Extracted information:
· · ·

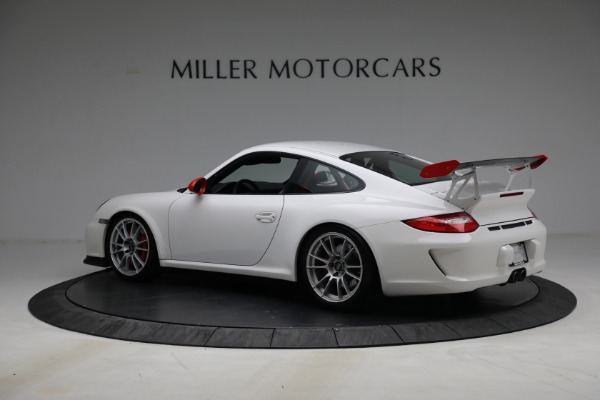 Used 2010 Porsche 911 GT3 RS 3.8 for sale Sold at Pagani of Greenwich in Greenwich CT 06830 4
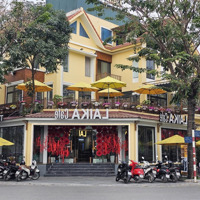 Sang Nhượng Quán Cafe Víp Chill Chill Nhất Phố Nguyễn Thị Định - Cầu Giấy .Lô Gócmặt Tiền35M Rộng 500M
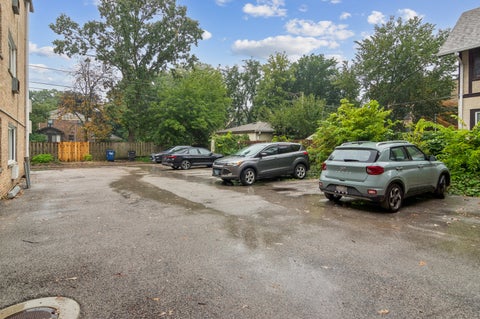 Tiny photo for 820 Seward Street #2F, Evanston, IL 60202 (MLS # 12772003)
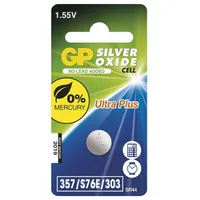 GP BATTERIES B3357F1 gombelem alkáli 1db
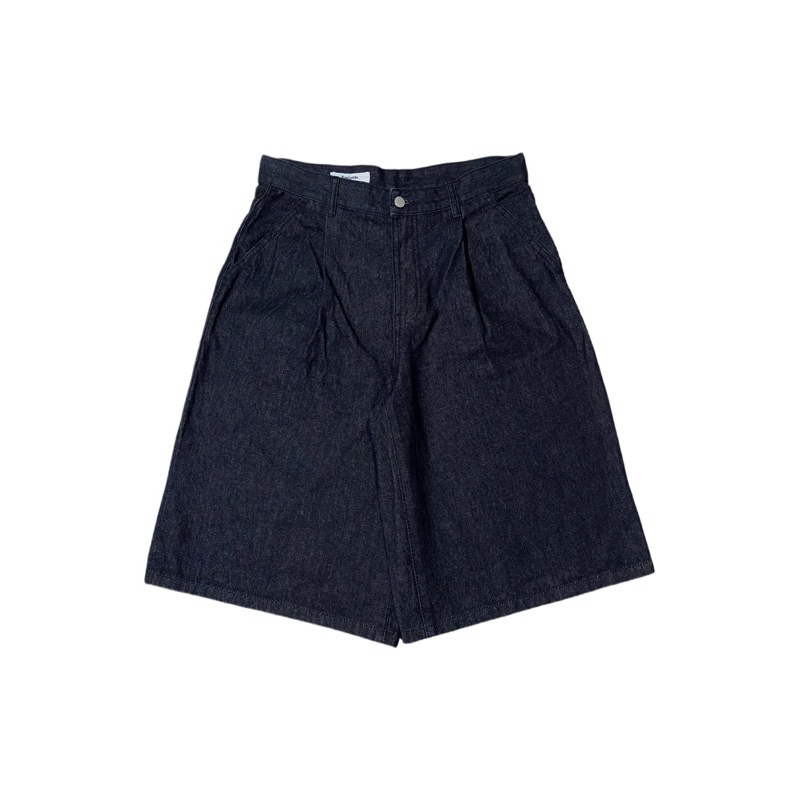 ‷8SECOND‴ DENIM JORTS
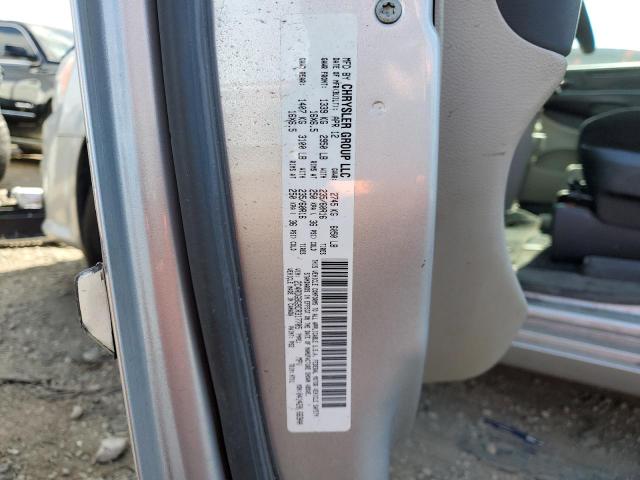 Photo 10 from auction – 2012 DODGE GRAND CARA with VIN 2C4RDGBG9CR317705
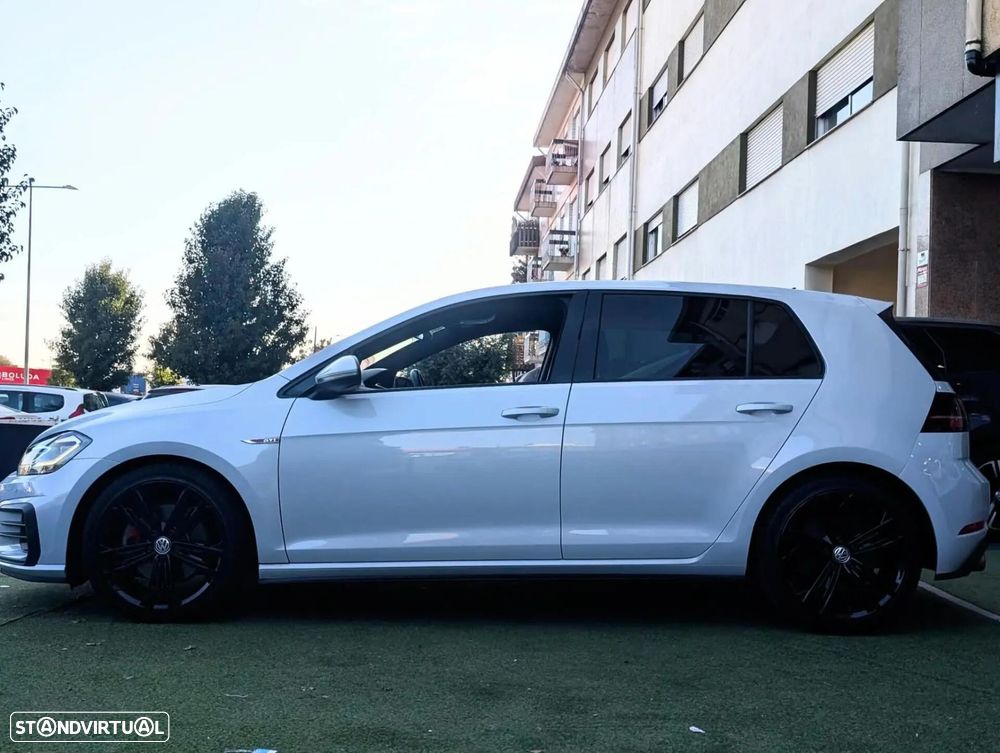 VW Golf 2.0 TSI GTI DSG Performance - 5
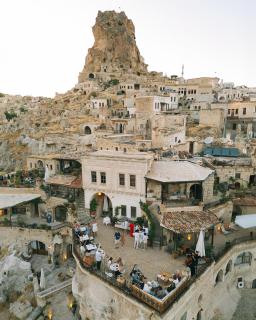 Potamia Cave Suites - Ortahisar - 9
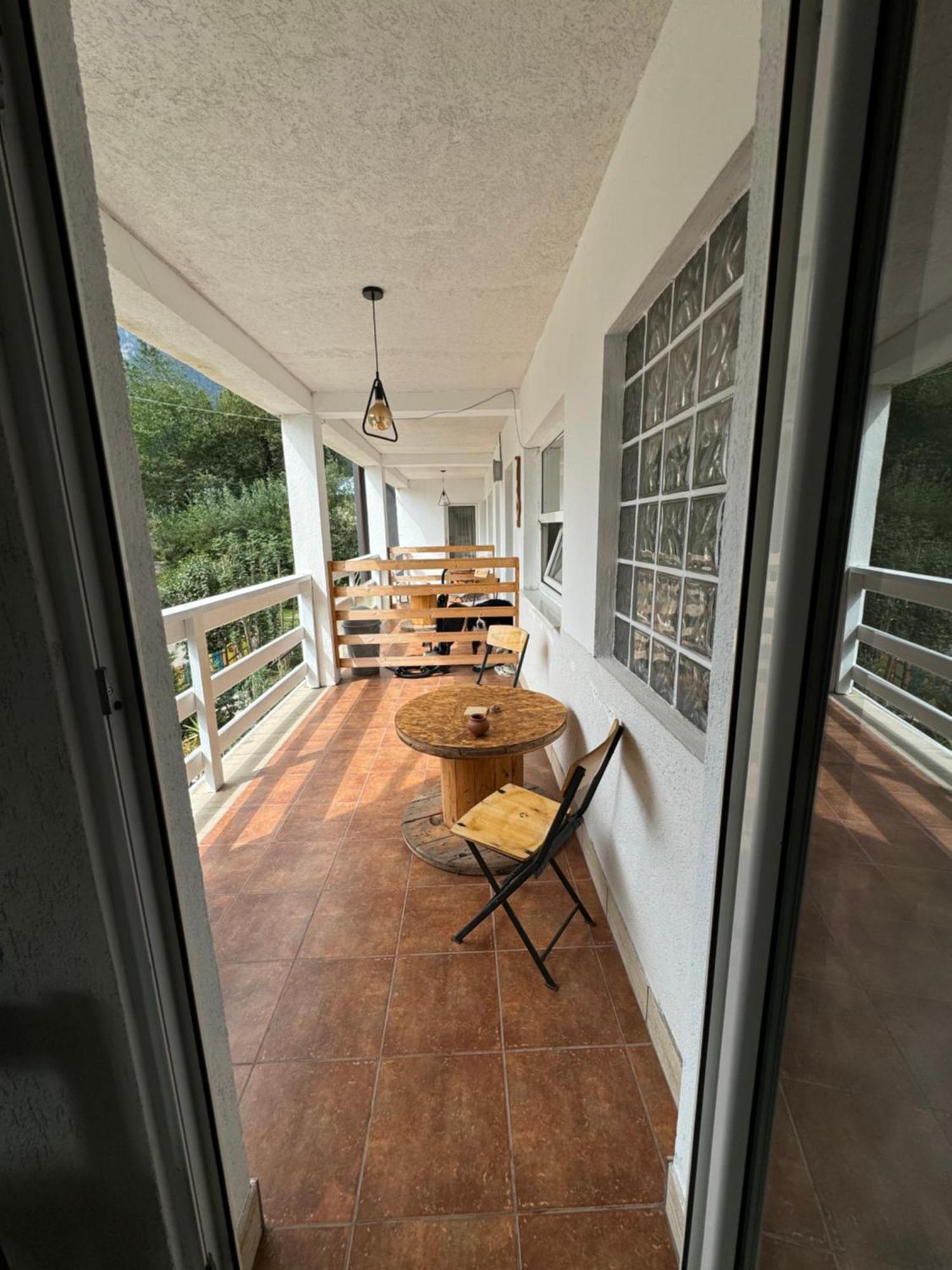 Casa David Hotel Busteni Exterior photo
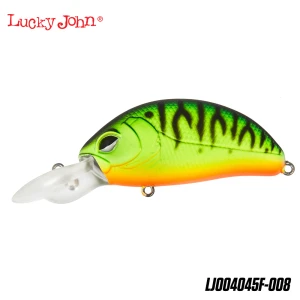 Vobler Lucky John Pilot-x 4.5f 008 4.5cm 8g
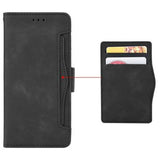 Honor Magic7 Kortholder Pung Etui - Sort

· · ·

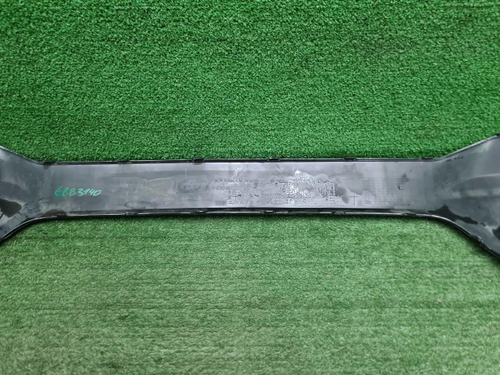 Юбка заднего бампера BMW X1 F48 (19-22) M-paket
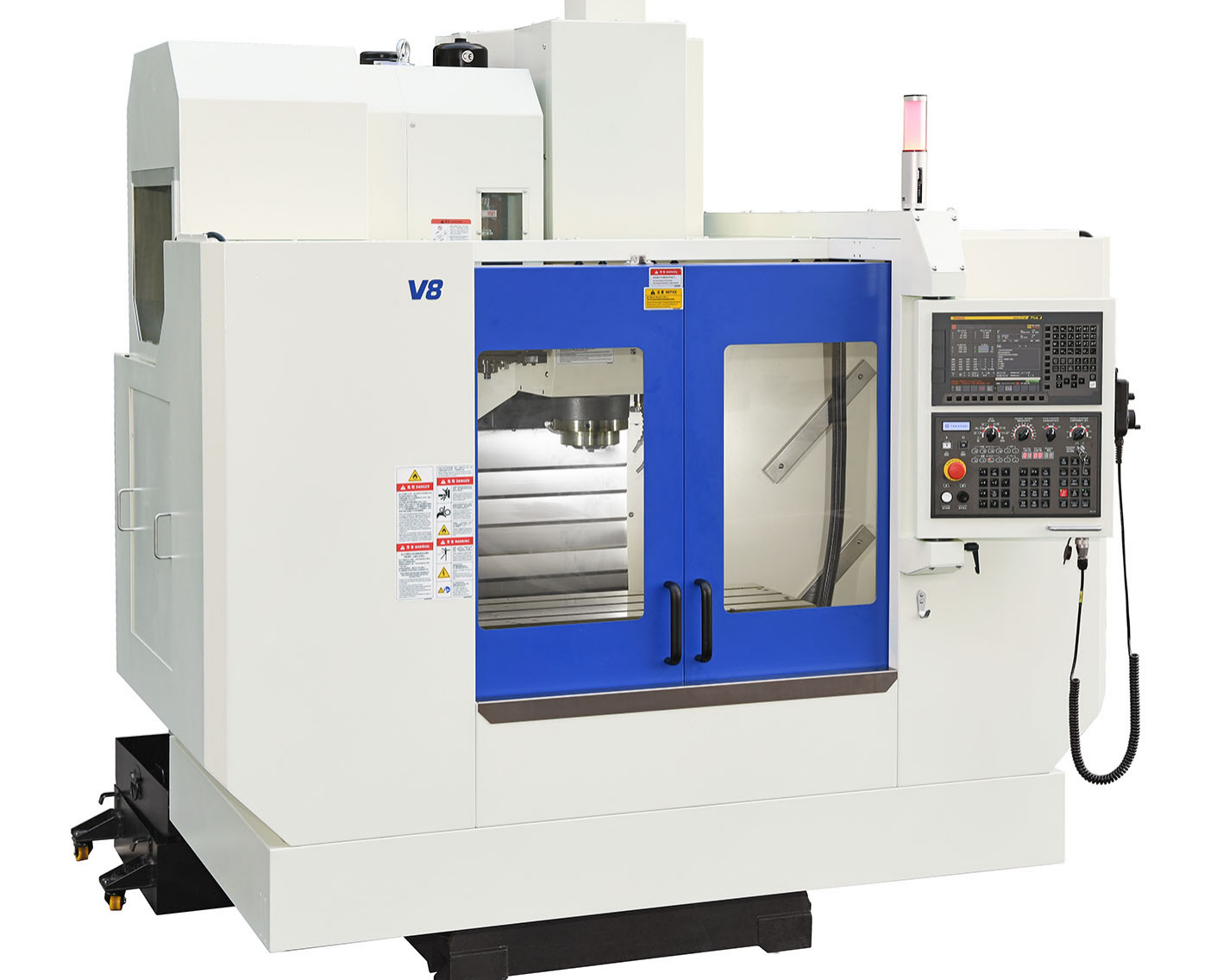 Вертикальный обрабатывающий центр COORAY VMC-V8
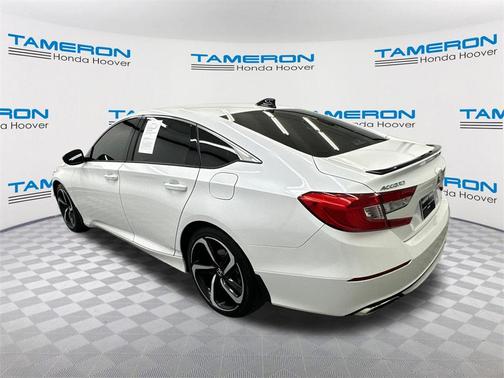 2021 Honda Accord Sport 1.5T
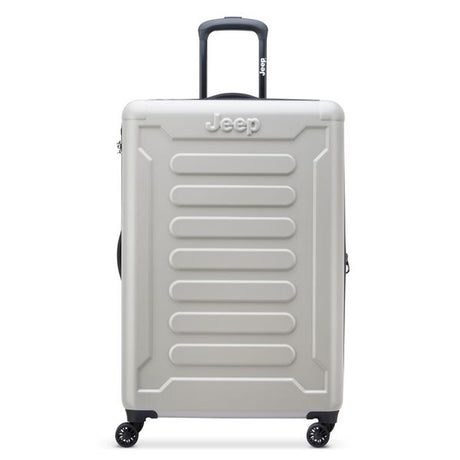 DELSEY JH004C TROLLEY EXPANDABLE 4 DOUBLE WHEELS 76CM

· · ·

Directions for this task:
Give again the lines of the listing above that run from the one with "Юбка заднего бампера" up to and including the one with "DELSEY JH004C TROLLEY". Keep them exact and omit the pictures.

Solved exercise:
 Юбка заднего бампера BMW X1 F48 (19-22) M-paket
 Вертикальный обрабатывающий центр COORAY VMC-V8
 2021 Honda Accord Sport 1.5T
 DELSEY JH004C TROLLEY EXPANDABLE 4 DOUBLE WHEELS 76CM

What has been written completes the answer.